In December 2018, Priv.-Doz. Dr. Marco Deluca, who has been researching at the Materials Center Leoben (MCL) for 10 years, received an ERC Consolidator Grant endowed with € 2 million for the research of novel energy storage devices with highest efficiency in the framework of the project "CITRES - Chemistry and interface tailored lead-free relaxor thin films for energy storage capacitors".

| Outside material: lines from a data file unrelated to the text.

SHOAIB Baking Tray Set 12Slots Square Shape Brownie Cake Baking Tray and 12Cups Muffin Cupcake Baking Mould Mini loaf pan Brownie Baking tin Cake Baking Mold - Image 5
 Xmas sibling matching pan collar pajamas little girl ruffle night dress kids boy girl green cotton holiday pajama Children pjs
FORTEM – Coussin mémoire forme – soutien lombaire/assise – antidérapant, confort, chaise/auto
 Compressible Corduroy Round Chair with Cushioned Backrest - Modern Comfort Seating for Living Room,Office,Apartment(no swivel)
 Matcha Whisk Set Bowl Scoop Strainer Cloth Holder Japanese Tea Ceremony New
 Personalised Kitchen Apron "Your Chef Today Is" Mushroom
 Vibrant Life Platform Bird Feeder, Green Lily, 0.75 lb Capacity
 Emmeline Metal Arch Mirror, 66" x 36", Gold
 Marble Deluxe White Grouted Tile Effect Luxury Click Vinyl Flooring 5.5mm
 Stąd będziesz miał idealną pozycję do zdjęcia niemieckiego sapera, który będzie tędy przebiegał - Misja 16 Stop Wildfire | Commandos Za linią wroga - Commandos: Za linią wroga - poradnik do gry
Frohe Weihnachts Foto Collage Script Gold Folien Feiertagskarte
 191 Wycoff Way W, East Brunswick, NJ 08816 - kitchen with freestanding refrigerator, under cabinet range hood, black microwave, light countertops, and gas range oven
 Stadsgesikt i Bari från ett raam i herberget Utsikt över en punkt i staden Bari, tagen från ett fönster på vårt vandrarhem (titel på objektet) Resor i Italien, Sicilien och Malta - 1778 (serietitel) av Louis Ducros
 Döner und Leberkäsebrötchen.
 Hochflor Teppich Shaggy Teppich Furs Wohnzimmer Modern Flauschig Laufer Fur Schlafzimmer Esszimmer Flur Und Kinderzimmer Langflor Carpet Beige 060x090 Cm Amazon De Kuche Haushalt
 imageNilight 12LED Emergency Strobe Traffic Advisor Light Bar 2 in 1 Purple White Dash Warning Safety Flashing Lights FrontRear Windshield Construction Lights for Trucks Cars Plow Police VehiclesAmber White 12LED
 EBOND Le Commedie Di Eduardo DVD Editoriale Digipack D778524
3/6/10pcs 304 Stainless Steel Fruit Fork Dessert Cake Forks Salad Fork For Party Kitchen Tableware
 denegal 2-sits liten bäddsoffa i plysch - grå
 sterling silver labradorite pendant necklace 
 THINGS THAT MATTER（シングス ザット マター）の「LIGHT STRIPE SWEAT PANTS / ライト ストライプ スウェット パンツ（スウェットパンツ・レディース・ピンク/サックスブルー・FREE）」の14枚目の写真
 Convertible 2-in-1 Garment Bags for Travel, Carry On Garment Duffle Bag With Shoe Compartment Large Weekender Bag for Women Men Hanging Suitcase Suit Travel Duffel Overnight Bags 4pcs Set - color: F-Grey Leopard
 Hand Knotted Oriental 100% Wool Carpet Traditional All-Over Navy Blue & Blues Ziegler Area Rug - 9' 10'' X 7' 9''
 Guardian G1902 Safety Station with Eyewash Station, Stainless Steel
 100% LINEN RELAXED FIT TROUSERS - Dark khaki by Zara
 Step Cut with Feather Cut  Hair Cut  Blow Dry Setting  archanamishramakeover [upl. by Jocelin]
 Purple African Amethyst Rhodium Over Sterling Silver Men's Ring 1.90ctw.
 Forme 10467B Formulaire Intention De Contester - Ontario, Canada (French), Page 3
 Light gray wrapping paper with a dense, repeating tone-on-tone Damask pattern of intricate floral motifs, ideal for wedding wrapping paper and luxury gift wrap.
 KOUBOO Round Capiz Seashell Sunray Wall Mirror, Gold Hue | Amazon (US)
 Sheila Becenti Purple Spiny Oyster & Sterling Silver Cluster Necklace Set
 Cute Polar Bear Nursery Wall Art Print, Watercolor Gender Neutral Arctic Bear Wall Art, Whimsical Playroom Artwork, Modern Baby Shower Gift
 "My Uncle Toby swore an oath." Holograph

Within the framework of CITRES, special material combinations based on thin layers of new ceramic materials will be investigated during the next five years. With these new materials, considerably more energy can be stored per volume than with all previously known ceramic materials, i.e. batteries of the same size can store considerably more energy and batteries with the same storage capacity can become considerably smaller.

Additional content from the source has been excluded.